__Your task__.
Write each entry out once more, please, precisely as shown.

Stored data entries
=== Begin Enclosure ===

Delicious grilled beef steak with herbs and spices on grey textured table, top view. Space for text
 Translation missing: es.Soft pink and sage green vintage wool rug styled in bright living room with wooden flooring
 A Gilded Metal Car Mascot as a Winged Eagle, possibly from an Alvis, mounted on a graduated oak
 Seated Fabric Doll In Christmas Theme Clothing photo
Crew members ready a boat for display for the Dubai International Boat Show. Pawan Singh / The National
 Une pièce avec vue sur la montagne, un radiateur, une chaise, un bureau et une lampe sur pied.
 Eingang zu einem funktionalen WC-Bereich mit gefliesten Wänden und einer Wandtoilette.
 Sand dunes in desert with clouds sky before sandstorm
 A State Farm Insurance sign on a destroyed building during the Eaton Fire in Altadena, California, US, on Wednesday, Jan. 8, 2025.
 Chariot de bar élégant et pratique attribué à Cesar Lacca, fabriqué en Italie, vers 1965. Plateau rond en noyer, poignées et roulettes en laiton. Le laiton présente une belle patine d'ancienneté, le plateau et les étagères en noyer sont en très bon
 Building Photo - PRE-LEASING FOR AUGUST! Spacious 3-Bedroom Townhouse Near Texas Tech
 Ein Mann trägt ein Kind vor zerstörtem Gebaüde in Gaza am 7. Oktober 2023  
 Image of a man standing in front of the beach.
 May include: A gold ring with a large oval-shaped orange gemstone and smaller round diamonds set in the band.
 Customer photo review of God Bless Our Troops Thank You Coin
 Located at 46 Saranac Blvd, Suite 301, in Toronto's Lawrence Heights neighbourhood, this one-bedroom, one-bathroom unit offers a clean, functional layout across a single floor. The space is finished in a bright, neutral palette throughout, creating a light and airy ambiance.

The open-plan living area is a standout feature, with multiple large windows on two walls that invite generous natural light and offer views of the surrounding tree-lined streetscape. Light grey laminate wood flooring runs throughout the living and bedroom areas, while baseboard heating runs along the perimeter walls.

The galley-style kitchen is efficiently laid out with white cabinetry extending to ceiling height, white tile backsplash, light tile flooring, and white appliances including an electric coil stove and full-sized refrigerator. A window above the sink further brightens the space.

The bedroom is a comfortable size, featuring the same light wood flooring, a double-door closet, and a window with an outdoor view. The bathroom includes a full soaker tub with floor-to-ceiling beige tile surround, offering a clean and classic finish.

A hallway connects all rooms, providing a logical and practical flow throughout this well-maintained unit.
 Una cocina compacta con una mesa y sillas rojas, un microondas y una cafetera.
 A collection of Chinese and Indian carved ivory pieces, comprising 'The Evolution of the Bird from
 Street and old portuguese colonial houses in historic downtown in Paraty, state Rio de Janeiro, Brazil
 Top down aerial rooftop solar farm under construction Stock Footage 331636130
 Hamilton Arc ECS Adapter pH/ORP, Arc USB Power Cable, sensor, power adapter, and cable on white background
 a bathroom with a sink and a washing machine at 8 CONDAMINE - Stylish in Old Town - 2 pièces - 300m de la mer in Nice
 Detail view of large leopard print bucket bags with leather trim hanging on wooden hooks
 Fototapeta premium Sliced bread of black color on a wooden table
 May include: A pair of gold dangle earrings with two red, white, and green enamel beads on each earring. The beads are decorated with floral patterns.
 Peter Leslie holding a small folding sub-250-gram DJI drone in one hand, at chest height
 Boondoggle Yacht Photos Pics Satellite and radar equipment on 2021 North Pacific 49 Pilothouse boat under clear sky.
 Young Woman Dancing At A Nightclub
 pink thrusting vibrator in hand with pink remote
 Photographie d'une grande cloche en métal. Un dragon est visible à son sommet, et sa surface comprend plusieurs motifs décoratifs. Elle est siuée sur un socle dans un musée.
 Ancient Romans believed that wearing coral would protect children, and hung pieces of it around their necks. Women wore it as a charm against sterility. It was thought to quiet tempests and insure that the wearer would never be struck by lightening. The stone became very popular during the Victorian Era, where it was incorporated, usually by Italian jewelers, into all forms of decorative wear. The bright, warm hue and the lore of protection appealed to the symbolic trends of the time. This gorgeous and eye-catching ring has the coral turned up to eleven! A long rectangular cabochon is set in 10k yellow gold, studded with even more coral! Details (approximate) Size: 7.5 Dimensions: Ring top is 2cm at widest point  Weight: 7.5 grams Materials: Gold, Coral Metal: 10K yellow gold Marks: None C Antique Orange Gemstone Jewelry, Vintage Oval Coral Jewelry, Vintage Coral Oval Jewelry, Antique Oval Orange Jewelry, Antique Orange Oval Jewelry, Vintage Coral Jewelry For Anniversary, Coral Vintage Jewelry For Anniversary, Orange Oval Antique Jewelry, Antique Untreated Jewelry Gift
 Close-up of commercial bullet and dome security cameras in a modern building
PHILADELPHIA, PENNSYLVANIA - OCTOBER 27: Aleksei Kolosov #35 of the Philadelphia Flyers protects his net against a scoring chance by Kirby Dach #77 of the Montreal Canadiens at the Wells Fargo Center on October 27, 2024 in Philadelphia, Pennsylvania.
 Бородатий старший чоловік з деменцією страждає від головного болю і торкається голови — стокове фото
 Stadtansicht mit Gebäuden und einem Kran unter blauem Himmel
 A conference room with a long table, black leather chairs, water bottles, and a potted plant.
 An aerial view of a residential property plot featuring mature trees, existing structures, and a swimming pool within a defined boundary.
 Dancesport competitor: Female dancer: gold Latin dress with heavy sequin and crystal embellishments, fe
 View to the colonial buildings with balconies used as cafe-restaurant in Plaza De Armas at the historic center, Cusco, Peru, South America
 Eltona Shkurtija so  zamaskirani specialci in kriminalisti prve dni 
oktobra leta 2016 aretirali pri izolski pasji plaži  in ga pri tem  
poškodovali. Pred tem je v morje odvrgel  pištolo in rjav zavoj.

=== End Enclosure ===

__Response to the exercise__.
Delicious grilled beef steak with herbs and spices on grey textured table, top view. Space for text
 Translation missing: es.Soft pink and sage green vintage wool rug styled in bright living room with wooden flooring
 A Gilded Metal Car Mascot as a Winged Eagle, possibly from an Alvis, mounted on a graduated oak
 Seated Fabric Doll In Christmas Theme Clothing photo
Crew members ready a boat for display for the Dubai International Boat Show. Pawan Singh / The National
 Une pièce avec vue sur la montagne, un radiateur, une chaise, un bureau et une lampe sur pied.
 Eingang zu einem funktionalen WC-Bereich mit gefliesten Wänden und einer Wandtoilette.
 Sand dunes in desert with clouds sky before sandstorm
 A State Farm Insurance sign on a destroyed building during the Eaton Fire in Altadena, California, US, on Wednesday, Jan. 8, 2025.
 Chariot de bar élégant et pratique attribué à Cesar Lacca, fabriqué en Italie, vers 1965. Plateau rond en noyer, poignées et roulettes en laiton. Le laiton présente une belle patine d'ancienneté, le plateau et les étagères en noyer sont en très bon
 Building Photo - PRE-LEASING FOR AUGUST! Spacious 3-Bedroom Townhouse Near Texas Tech
 Ein Mann trägt ein Kind vor zerstörtem Gebaüde in Gaza am 7. Oktober 2023  
 Image of a man standing in front of the beach.
 May include: A gold ring with a large oval-shaped orange gemstone and smaller round diamonds set in the band.
 Customer photo review of God Bless Our Troops Thank You Coin
 Located at 46 Saranac Blvd, Suite 301, in Toronto's Lawrence Heights neighbourhood, this one-bedroom, one-bathroom unit offers a clean, functional layout across a single floor. The space is finished in a bright, neutral palette throughout, creating a light and airy ambiance.

The open-plan living area is a standout feature, with multiple large windows on two walls that invite generous natural light and offer views of the surrounding tree-lined streetscape. Light grey laminate wood flooring runs throughout the living and bedroom areas, while baseboard heating runs along the perimeter walls.

The galley-style kitchen is efficiently laid out with white cabinetry extending to ceiling height, white tile backsplash, light tile flooring, and white appliances including an electric coil stove and full-sized refrigerator. A window above the sink further brightens the space.

The bedroom is a comfortable size, featuring the same light wood flooring, a double-door closet, and a window with an outdoor view. The bathroom includes a full soaker tub with floor-to-ceiling beige tile surround, offering a clean and classic finish.

A hallway connects all rooms, providing a logical and practical flow throughout this well-maintained unit.
 Una cocina compacta con una mesa y sillas rojas, un microondas y una cafetera.
 A collection of Chinese and Indian carved ivory pieces, comprising 'The Evolution of the Bird from
 Street and old portuguese colonial houses in historic downtown in Paraty, state Rio de Janeiro, Brazil
 Top down aerial rooftop solar farm under construction Stock Footage 331636130
 Hamilton Arc ECS Adapter pH/ORP, Arc USB Power Cable, sensor, power adapter, and cable on white background
 a bathroom with a sink and a washing machine at 8 CONDAMINE - Stylish in Old Town - 2 pièces - 300m de la mer in Nice
 Detail view of large leopard print bucket bags with leather trim hanging on wooden hooks
 Fototapeta premium Sliced bread of black color on a wooden table
 May include: A pair of gold dangle earrings with two red, white, and green enamel beads on each earring. The beads are decorated with floral patterns.
 Peter Leslie holding a small folding sub-250-gram DJI drone in one hand, at chest height
 Boondoggle Yacht Photos Pics Satellite and radar equipment on 2021 North Pacific 49 Pilothouse boat under clear sky.
 Young Woman Dancing At A Nightclub
 pink thrusting vibrator in hand with pink remote
 Photographie d'une grande cloche en métal. Un dragon est visible à son sommet, et sa surface comprend plusieurs motifs décoratifs. Elle est siuée sur un socle dans un musée.
 Ancient Romans believed that wearing coral would protect children, and hung pieces of it around their necks. Women wore it as a charm against sterility. It was thought to quiet tempests and insure that the wearer would never be struck by lightening. The stone became very popular during the Victorian Era, where it was incorporated, usually by Italian jewelers, into all forms of decorative wear. The bright, warm hue and the lore of protection appealed to the symbolic trends of the time. This gorgeous and eye-catching ring has the coral turned up to eleven! A long rectangular cabochon is set in 10k yellow gold, studded with even more coral! Details (approximate) Size: 7.5 Dimensions: Ring top is 2cm at widest point  Weight: 7.5 grams Materials: Gold, Coral Metal: 10K yellow gold Marks: None C Antique Orange Gemstone Jewelry, Vintage Oval Coral Jewelry, Vintage Coral Oval Jewelry, Antique Oval Orange Jewelry, Antique Orange Oval Jewelry, Vintage Coral Jewelry For Anniversary, Coral Vintage Jewelry For Anniversary, Orange Oval Antique Jewelry, Antique Untreated Jewelry Gift
 Close-up of commercial bullet and dome security cameras in a modern building
PHILADELPHIA, PENNSYLVANIA - OCTOBER 27: Aleksei Kolosov #35 of the Philadelphia Flyers protects his net against a scoring chance by Kirby Dach #77 of the Montreal Canadiens at the Wells Fargo Center on October 27, 2024 in Philadelphia, Pennsylvania.
 Бородатий старший чоловік з деменцією страждає від головного болю і торкається голови — стокове фото
 Stadtansicht mit Gebäuden und einem Kran unter blauem Himmel
 A conference room with a long table, black leather chairs, water bottles, and a potted plant.
 An aerial view of a residential property plot featuring mature trees, existing structures, and a swimming pool within a defined boundary.
 Dancesport competitor: Female dancer: gold Latin dress with heavy sequin and crystal embellishments, fe
 View to the colonial buildings with balconies used as cafe-restaurant in Plaza De Armas at the historic center, Cusco, Peru, South America
 Eltona Shkurtija so  zamaskirani specialci in kriminalisti prve dni 
oktobra leta 2016 aretirali pri izolski pasji plaži  in ga pri tem  
poškodovali. Pred tem je v morje odvrgel  pištolo in rjav zavoj.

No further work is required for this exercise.